La misma pregunta nos hemos hechos los venezolanos luego de la copiosa cantidad de respaldos de los progresistas del mundo a Nicolás Maduro en su usurpación de la presidencia de la república, teniendo en cuenta que básicamente hablamos del mismo sector que no se muestra tan empático y lúcido para expresarse sobre el hambre que azota y mata a venezolanos cada día, la falta de medicamentos que condena a enfermos crónicos a una muerte insoslayable, la conculcación de los derechos de los trabajadores de todos los gremios, el colapso de servicios públicos que en cualquier otro lugar separan a la humanidad de la bestialidad, el masivo éxodo que a diario se expone a los peligros de la carretera y a la ola xenófoba contra nuestro gentilicio, la censura y el cierre de los medios de comunicación nada complacientes al régimen, el asesinato con absoluta impunidad en 2017 de más de cien manifestantes por parte de las fuerzas de seguridad, el encarcelamiento masivo de quienes se manifiesten en contra de las políticas de la nomenclatura y, por supuesto, de quienes forman parte de la oposición política. Está a la vista que el progre cool ni siquiera hizo el amago de interesarse por averiguar que mientras el 23 de enero degustaba sus manjares en algún país democrático del primer mundo, los grupos de exterminio del régimen perpetraban sus razzias en las barriadas humildes de Caracas, esos mismos sectores que Maduro se ufana de defender.
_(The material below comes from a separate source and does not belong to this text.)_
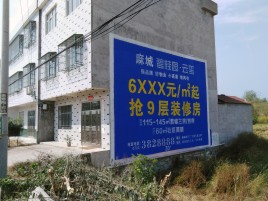 吴起墙体广告质量分析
“Mi condena a los regímenes comunistas crecía, pero tenía que expresarla solo en la compañía de quienes podían entender”, anotó con perplejidad y amargura Tzvetan Todorov en su ensayo La experiencia totalitaria al recordar su contacto con otros estudiantes durante sus años universitarios en París. La experiencia totalitaria también puede ser este mutismo ante la imposibilidad de que el dogmatismo ideológico y las abstracciones conceptuales de un progre cool entienda de una buena vez la realidad concreta y experiencial de un cuerpo expuesto a la precariedad de un régimen empecinado en borrar cualquier vestigio de humanidad. Tengo noticias de venezolanos en el extranjero que se han visto en la absurdísima situación de ser aleccionados y recibir la prédica de quienes nunca han sentido en carne propia esta asfixia constante y, para colmo, nunca se atreverán a vivirla, ya que cuando mucho pasarán de manera fugaz por Venezuela para tomarse una foto en un supermercado o en un centro comercial con el perverso propósito de probar que aquí se vive en completa normalidad y hasta en opulencia.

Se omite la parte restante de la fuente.